Of the three Ottos, the third was the most unusual. His Byzantine mother, an intelligent and politically effective regent, raised him in an atmosphere of exceptional religious idealism, and imbued in him the conviction that he was born to be the theocratic monarch of a sacred empire. The child-sovereign was eleven when his mother died, and historian Tout notes that he was thereafter educated entirely by bishops under the rising influence of the Cluniac movement. (See chapter 1.) Thus, from time to time throughout his short life, he would shed his royal finery, abandon his gold dinner plates, and dress in a rough cloak to visit secluded holy men and shrines.

At sixteen, Otto III crossed the Alps, responding to yet another papal cry for help when Pope John XV sought protection against the Roman mobs in general, and against antipope Boniface VII in particular, who had just starved to death his predecessor.

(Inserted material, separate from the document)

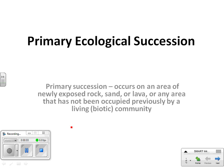We're going to start primary succession. It occurs in an area of newly exposed rock, sand, or lava, or any area that has not been occupied previously by a living community. Living is biotic — make sure you know that.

John died before his rescuers arrived, so Otto appointed as his successor, the first German pope: Bruno, aged twenty-four, his own cousin and also a Cluniac sympathizer. Bruno became Pope Gregory V, and began the urgently needed papal reform. However, he died just three years later, and the squalor continued at Rome.

Upon his death, Otto turned to a remarkable monk, Gerbert of Aurillac, a gifted mathematician, born to poverty in Spain, who had crossed the Pyrenees as a young man and found service with the Capet family. The Capetians, who were the counts of Paris, made him archbishop of Reims. In 987, prodded by Gerbert, Hugh Capet persuaded the French nobility to name him king of the West Franks. Hugh’s descendants, filtering down through two dynasties, the Valois and the Bourbons, would rule France until the revolution in 1789. However, once safely enthroned, the ungrateful Hugh had Gerbert fired as archbishop, so he sought work with Otto III, and was warmly received–so warmly that on the death of Gregory V, Otto saw Gerbert made Pope Sylvester II.

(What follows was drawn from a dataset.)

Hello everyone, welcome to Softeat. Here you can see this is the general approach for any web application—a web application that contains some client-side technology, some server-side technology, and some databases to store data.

The king’s own aspirations were mushrooming alarmingly. Still influenced by his dead mother, he introduced Byzantine titles, eunuchs and elaborately rigid ceremonial to his court. His German nobles had to twist their rough tongues around the alien intricacies of Greek. Rome must become the capital of a new Western empire, Otto decreed, where seven clerics (a mystical number) would consecrate the emperor and elect each new pope. From this sacred and eternal city, operating in intimate partnership, emperor and pope would reform the world.

None of this particularly enthused the German nobility. Then Otto and Pope Sylvester made a move that distinctly disenchanted them. He created native archbishoprics for Hungary, land of the Magyars, and for Poland. From the Christian viewpoint, this made sense. It deeply embedded Latin Christianity in two important emerging nations. But it infuriated the Germans, especially their ecclesiastics. For generations, iron-fisted Teutonic nobles had been expanding eastward, consolidating their victories by appointing German bishops over the Magyar and Slav Christians. Now their young sovereign was not only aping the preposterous manners of the effete Greeks, but also undermining the political strength of his own people along their eastern border. Most of the German church thereupon rebelled against Sylvester, refusing to attend his councils.

So much royal territory had been given to the prince-bishops and to the monasteries that Otto’s family held relatively little land of its own. In need of funding, the royal youngster returned to Germany, hoping to reestablish harmony. Strange stories came with him. He sought guidance, said one account, by entering the crypt under Charlemagne’s chapel at Aachen, and gazing in contemplation upon the imperial cadaver still seated on a throne with scepter in hand. The Germans remained disenchanted. So crossing the Alps for the last time, Otto tried settling again in Rome, only to find he wasn’t wanted there either. The city’s ever-fickle mob had little love for Germans and they set about driving him out.

His dreams collapsing, he appealed again for help from Germany, meanwhile visiting Romuald, a miracle-working hermit who dwelt in the swamps near Ravenna, with whom he was said to have shared in self-mortifications and scourging. But no help came. Returning to Rome, he was beset by a sharp fever, probably smallpox, and died in 1002 at twenty-two, leaving no children. Within a year, Pope Sylvester II followed his emperor to the grave.4

Another cousin of Otto’s succeeded him as Henry II, put down the customary rebellion of the nobility, suppressed revolts in both Bohemia and Poland, intervened in Italy where the wrangles and bedlam around the papacy continued, supported the German bishops against the dominant power of the Cluniac movement, and died childless in 1024 after reigning as emperor for ten years. (He and his wife, Cunigunde of Luxembourg, were said to have taken a vow of chastity. The church canonized them both.)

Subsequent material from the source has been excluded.